Dr. Chao Ma, assistant professor in the Department of Engineering Technology and Industrial Distribution at Texas A&M University, is thinking small to make a big impact in the field of laser manufacturing.
How big?
Big enough to be used in a wide array of manufacturing disciplines, pharmaceutical processing, energy storage, biomedical implants and even outer space.
In a paper published in Nature Communications, Ma and a team of researchers from the University of California at Los Angeles and Missouri University of Science and Technology shared their success of using nanoparticles to create effective control of melting and solidification behaviors of materials.

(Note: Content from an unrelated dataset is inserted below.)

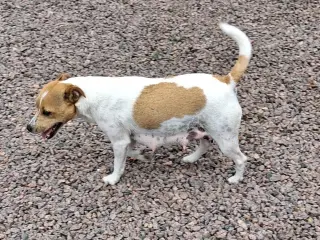 Korthåret Jack Russel terrier.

The dilemma facing laser manufacturing today is increasing the melted zone depth while simultaneously minimizing the heat-affected zone size during melting and solidification.
Typically, a larger melted zone leads to a larger heat-affected zone, weakening the overall material in the melting and solidification process. The material is fused, but the strength of the heat-affected structure decreases.
“We used nanoparticles to fine-tune thermophysical properties as well as melting and solidification behaviors,” said Ma. “The resulting material could be stronger and have a better surface finish.”
Specifically, Ma and his team added aluminum oxide nanoparticles to pure nickel, changing the way the nickel reacted to laser heat. The melted zone depth of the metal was increased by 68 percent while the corresponding heat-affected zone decreased by 67 percent.
These results provide a basic launching point of sorts for other researchers to use.
“We published this fundamental knowledge so a lot of people in the manufacturing field can use it in their own processes – we want to create an impact,” says Ma.
As a researcher into the transformative field of additive manufacturing, Ma is excited to utilize the department resources found at Texas A&M, specifically in the Manufacturing and Mechanical Engineering Technology (MMET) program in engineering technology and industrial distribution.
MMET’s new state-of-the-art Renishaw AM 400 is a powerful and flexible additive manufacturing machine that is the best of its kind in the world.
With Ma’s research and the Renishaw machine, Texas A&M can be a source for customized, nanoparticle-reinforced metal parts that could be used in outer space or even biomedical implants. Not only are the parts custom, so are their tailored microstructure.
The impact of this research goes far beyond Ma’s field of laser manufacturing, including laser welding, laser cutting and laser additive manufacturing,.
“[Our research] can be utilized in arc welding and electron beam manufacturing,” said Ma.
Ma stated that the microstructure phenomena his team is researching could be utilized outside of the manufacturing field, including pharmaceutical processing and energy storage.
With more research to come, Ma and his team are excited to say this is just the beginning of their exploration into advanced manufacturing’s newest discovery.